All of lore.kernel.org
 help / color / mirror / Atom feed
From: Jason Zeng <jason.zeng@intel.com>
To: Steven Sistare <steven.sistare@oracle.com>
Cc: "Daniel P. Berrange" <berrange@redhat.com>,
	"Juan Quintela" <quintela@redhat.com>,
	"Markus Armbruster" <armbru@redhat.com>,
	"Michael S. Tsirkin" <mst@redhat.com>,
	qemu-devel@nongnu.org,
	"Dr. David Alan Gilbert" <dgilbert@redhat.com>,
	"Alex Williamson" <alex.williamson@redhat.com>,
	"Paolo Bonzini" <pbonzini@redhat.com>,
	"Stefan Hajnoczi" <stefanha@redhat.com>,
	"Marc-André Lureau" <marcandre.lureau@redhat.com>,
	"Jason Zeng" <jason.zeng@linux.intel.com>,
	"Philippe Mathieu-Daudé" <philmd@redhat.com>,
	"Alex Bennée" <alex.bennee@linaro.org>
Subject: Re: [PATCH V1 30/32] vfio-pci: save and restore
Date: Mon, 10 Aug 2020 11:50:59 +0800	[thread overview]
Message-ID: <20200810035059.GA3463@x48> (raw)
In-Reply-To: <5d2e3c90-eb8c-569f-ef4a-5016756725c7@oracle.com>

On Fri, Aug 07, 2020 at 04:38:12PM -0400, Steven Sistare wrote:
> On 8/6/2020 6:22 AM, Jason Zeng wrote:
> > Hi Steve,
> > 
> > On Thu, Jul 30, 2020 at 08:14:34AM -0700, Steve Sistare wrote:
> >> @@ -3182,6 +3207,51 @@ static Property vfio_pci_dev_properties[] = {
> >>      DEFINE_PROP_END_OF_LIST(),
> >>  };
> >>  
> >> +static int vfio_pci_post_load(void *opaque, int version_id)
> >> +{
> >> +    int vector;
> >> +    MSIMessage msg;
> >> +    Error *err = 0;
> >> +    VFIOPCIDevice *vdev = opaque;
> >> +    PCIDevice *pdev = &vdev->pdev;
> >> +
> >> +    if (msix_enabled(pdev)) {
> >> +        vfio_msix_enable(vdev);
> >> +        pdev->msix_function_masked = false;
> >> +
> >> +        for (vector = 0; vector < vdev->pdev.msix_entries_nr; vector++) {
> >> +            if (!msix_is_masked(pdev, vector)) {
> >> +                msg = msix_get_message(pdev, vector);
> >> +                vfio_msix_vector_use(pdev, vector, msg);
> >> +            }
> >> +        }
> > 
> > It looks to me MSIX re-init here may lose device IRQs and impact
> > device hardware state?
> > 
> > The re-init will cause the kernel vfio driver to connect the device
> > MSIX vectors to new eventfds and KVM instance. But before that, device
> > IRQs will be routed to previous eventfd. Looks these IRQs will be lost.
> 
> Thanks Jason, that sounds like a problem.  I could try reading and saving an 
> event from eventfd before shutdown, and injecting it into the eventfd after
> restart, but that would be racy unless I disable interrupts.  Or, unconditionally
> inject a spurious interrupt after restart to kick it, in case an interrupt 
> was lost.
> 
> Do you have any other ideas?

Maybe we can consider to also hand over the eventfd file descriptor, or
even the KVM fds to the new Qemu?

If the KVM fds can be preserved, we will just need to restore Qemu KVM
side states. But not sure how complicated the implementation would be.

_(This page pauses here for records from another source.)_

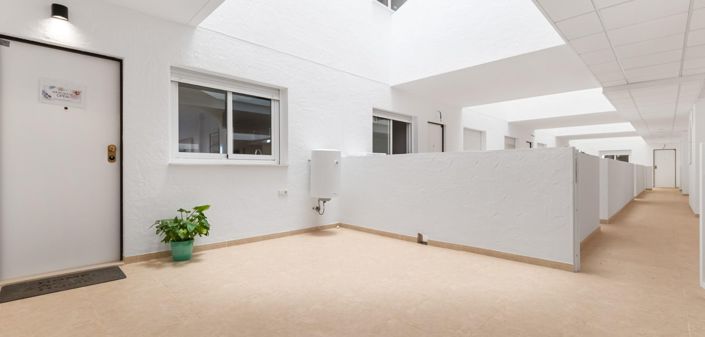 Image No.7-2 Bed Apartment for sale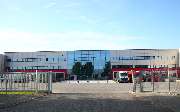 BAKTAT- BAK Kardesler Lebensmittelhandels GmbH - 1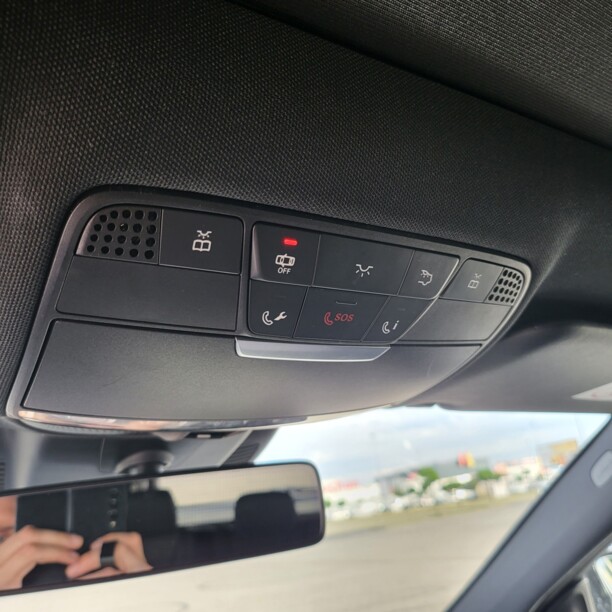 Mercedes-Benz E-Класс W213, S213, X213, C238, A238, 2016 г.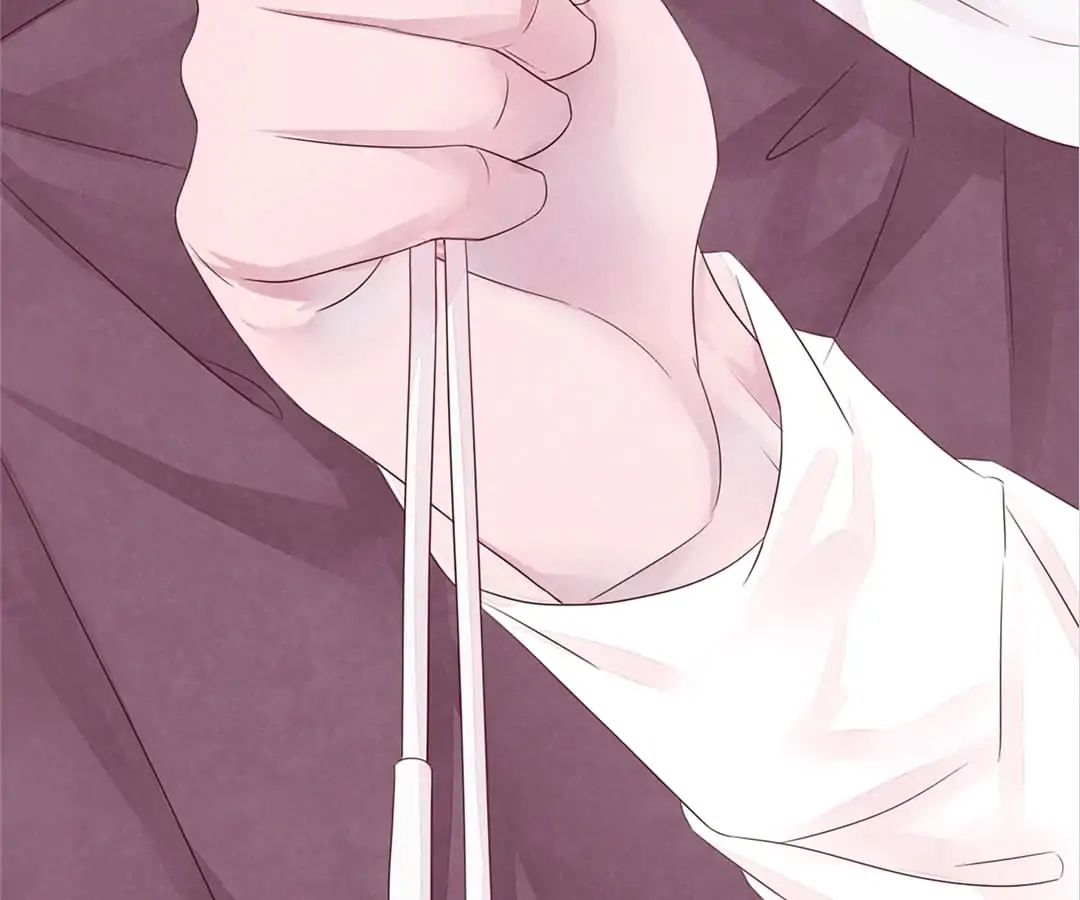 Page 25 of Chapter 5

If we only preserve the eventfd fd, we can attach the old eventfd to
vfio devices. But looks it may turn out we always inject an interrupt
unconditionally, because kernel KVM irqfd eventfd handling is a bit
different than normal user land eventfd read/write. It doesn't decrease
the counter in the eventfd context. So if we read the eventfd from new
Qemu, it looks will always have a non-zero counter, which requires an
interrupt injection.

> 
> > And the re-init will make the device go through the procedure of
> > disabling MSIX, enabling INTX, and re-enabling MSIX and vectors.
> > So if the device is active, its hardware state will be impacted?
> 
> Again thanks.  vfio_msix_enable() does indeed call vfio_disable_interrupts().
> For a quick experiment, I deleted that call in for the post_load code path, and 
> it seems to work fine, but I need to study it more.

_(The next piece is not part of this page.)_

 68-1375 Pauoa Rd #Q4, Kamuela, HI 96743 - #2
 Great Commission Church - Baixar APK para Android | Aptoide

vfio_msix_vector_use() will also trigger this procedure in the kernel.

Looks we shouldn't trigger any kernel vfio actions here? Because we
preserve vfio fds, so its kernel state shouldn't be touched. Here we
may only need to restore Qemu states. Re-connect to KVM instance should
be done automatically when we setup the KVM irqfds with the same eventfd.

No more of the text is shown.